## Your objective:
Any image found in the entries is to be skipped; the rest is returned word for word.

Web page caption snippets
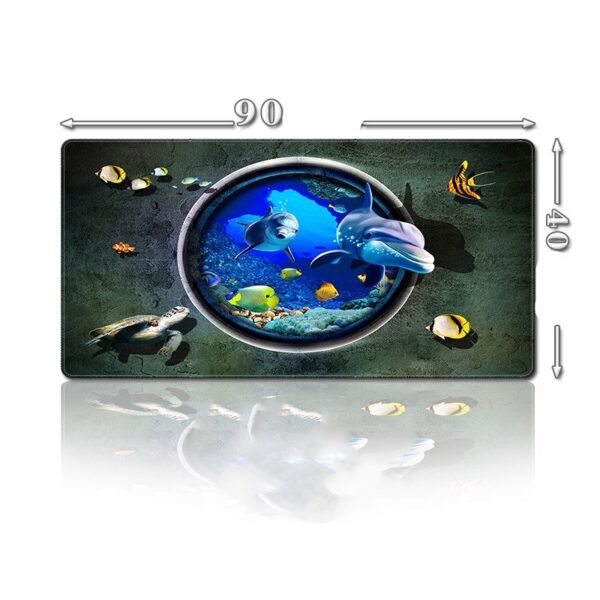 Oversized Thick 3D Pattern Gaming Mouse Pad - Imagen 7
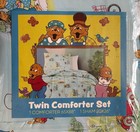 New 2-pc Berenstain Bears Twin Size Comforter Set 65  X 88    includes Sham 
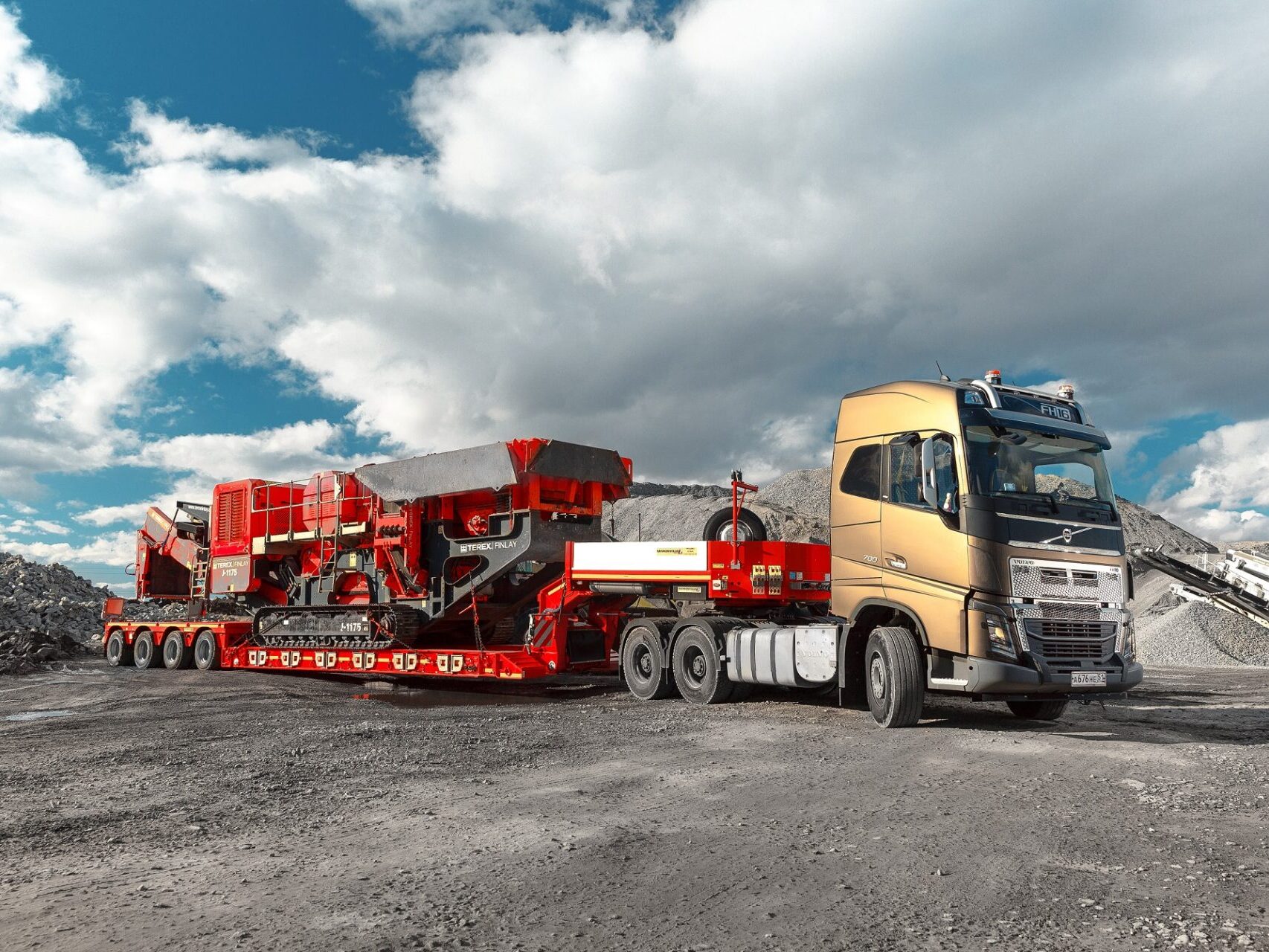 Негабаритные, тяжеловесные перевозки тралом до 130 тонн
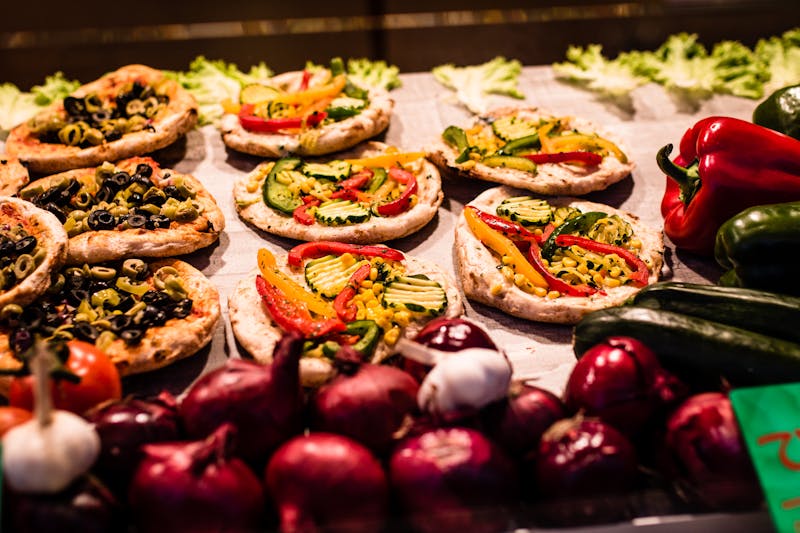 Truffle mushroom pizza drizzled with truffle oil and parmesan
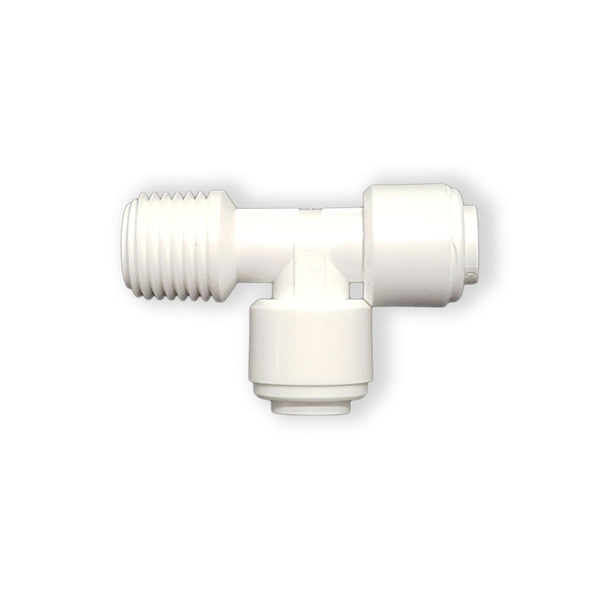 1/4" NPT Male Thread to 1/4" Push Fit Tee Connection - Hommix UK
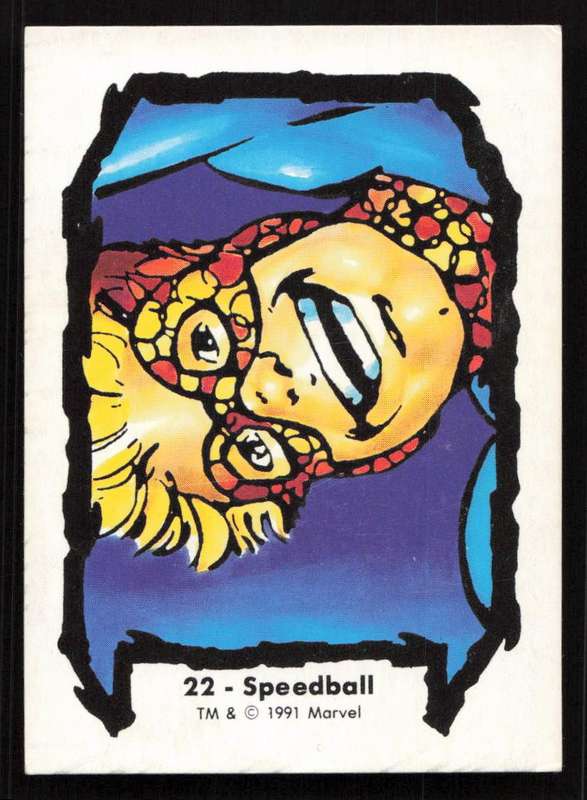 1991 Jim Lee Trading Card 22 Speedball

## Output for this exercise:
 Oversized Thick 3D Pattern Gaming Mouse Pad - Imagen 7
 New 2-pc Berenstain Bears Twin Size Comforter Set 65  X 88    includes Sham 
 Негабаритные, тяжеловесные перевозки тралом до 130 тонн
 Truffle mushroom pizza drizzled with truffle oil and parmesan
 1/4" NPT Male Thread to 1/4" Push Fit Tee Connection - Hommix UK
 1991 Jim Lee Trading Card 22 Speedball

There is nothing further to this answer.